Published: 22nd Nov, 2021


A recent study in the state of Rajasthan (the state that makes use of the second highest variety of Kisan Credit Cards (KCC)) has highlighted how the agriculture sector, together with Kisan Credit Cards (KCC), has confronted lots of challenges recently.


What is Kisan Credit Card (KCC)?

  • The Kisan Credit Card (KCC) scheme was introduced in 1998.
  • Under the scheme, Kisan Credit Cards are issued to farmers based on their holdings for uniform adoption by the banks so that farmers may use them to readily purchase agriculture inputs such as seeds, fertilizers, pesticides, etc., and draw cash for their production needs.
  • Objective: The scheme aims to fulfill the needs as indicated below:
    • To provide adequate and timely credit support from the banking system under a single window with flexible and simplified procedure
    • To meet the short term credit requirements for the cultivation of crops
    • Post-harvest expenses
    • Produce marketing loan
    • Consumption requirements of farmer household
    • Working capital for maintenance of farm assets and activities allied to agriculture
    • Investment credit requirement for agriculture and allied activities

What about Bank loans?

  • Agricultural credit disbursed by banks increased by 27% from 2016-17 to 2018-19 as a result of mandated priority sector lending(PSL) policies of the Reserve Bank of India (RBI). 
  • However, the coverage is still not satisfying.
  • In India, the RBI mandates banks that are unable to attain their PSL target to either purchase priority sector loans from other banks or contribute to the Rural Infrastructure Development Fund (RIDF).
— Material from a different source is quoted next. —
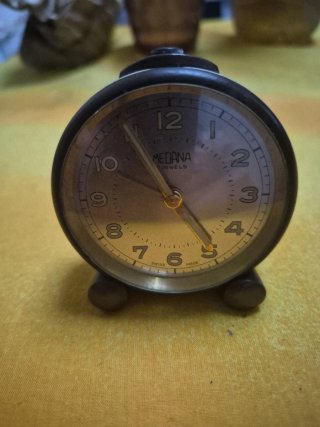 Orologio da sveglia vintage Medana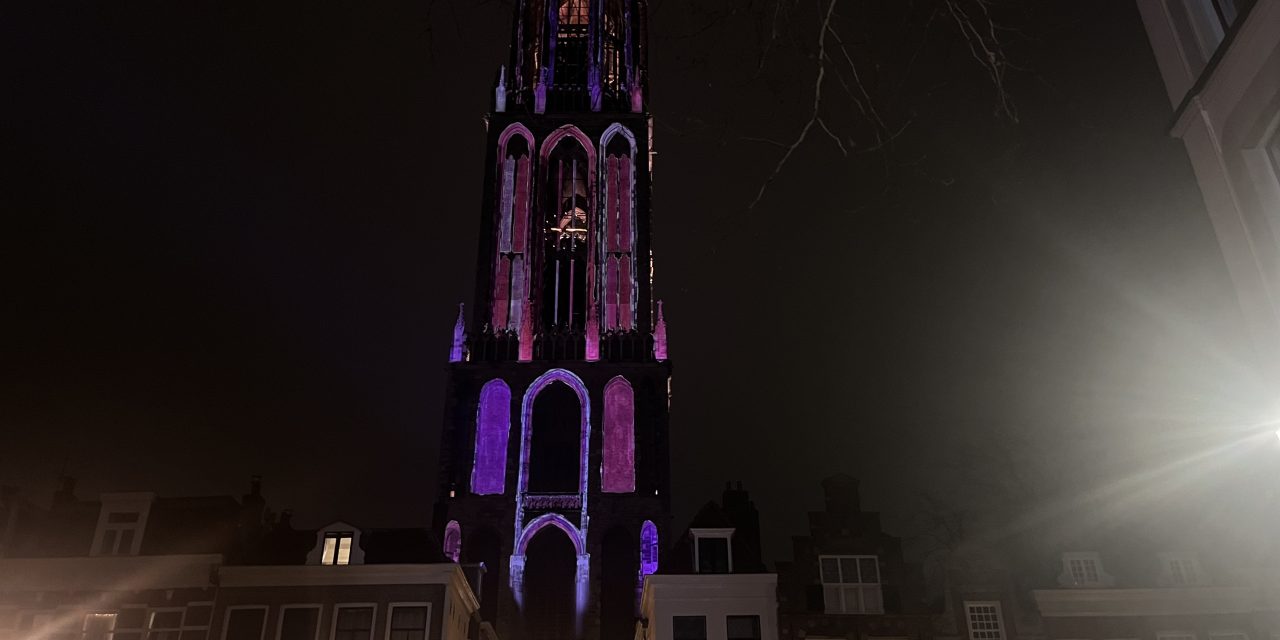 Kleur de Dom: Utrechtse Domtoren te zien in alle kleuren van de regenboog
What are the challenges faced by the sector?

  • Small Holdings: In India, the bigger chunk is of small holdings of land, thus leaving a negative impact on, both output and earnings/incomes.
  • Low Productivity: With a larger number of small and marginal farmers (86 percent), there have been the persisting problems of low productivity.
  • Lower rate of participation: The participation rate in agriculture is on the decline as the agricultural sector has not been growing enough.
  • Lack of finance: Lack of sufficient resources to buy or lease more land or invest in farm infrastructure such as irrigation, power, farm machinery.
  • Prevalence of Informal Loans: Moneylenders providing farm loans at a higher rate exploit the farmers, which further pushes them to big distress.
  • Unfair market regulation: Farmers are not getting fair prices of their produce due to the monopoly of the big traders as they bar farmers from selling directly to consumers.
  • Climatic Variability: Indian agriculture is rain-fed, thus, delayed monsoon impacts the agricultural output. Due to his, most of the farmers get trapped under the agricultural loan.
  • Others: Farmers face different sorts of challenges including floods, barren, natural calamities, insects attack, weather changes, scarcity of money, and whatnot.